_Information shown_

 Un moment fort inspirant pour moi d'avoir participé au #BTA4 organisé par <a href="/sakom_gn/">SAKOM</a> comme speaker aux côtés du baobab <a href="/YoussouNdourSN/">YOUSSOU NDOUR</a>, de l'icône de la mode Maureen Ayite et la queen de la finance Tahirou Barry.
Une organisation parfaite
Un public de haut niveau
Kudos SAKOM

_Try it_
Every line of the data above is to be copied out exactly.

_Answer to this task_
 Un moment fort inspirant pour moi d'avoir participé au #BTA4 organisé par <a href="/sakom_gn/">SAKOM</a> comme speaker aux côtés du baobab <a href="/YoussouNdourSN/">YOUSSOU NDOUR</a>, de l'icône de la mode Maureen Ayite et la queen de la finance Tahirou Barry.
Une organisation parfaite
Un public de haut niveau
Kudos SAKOM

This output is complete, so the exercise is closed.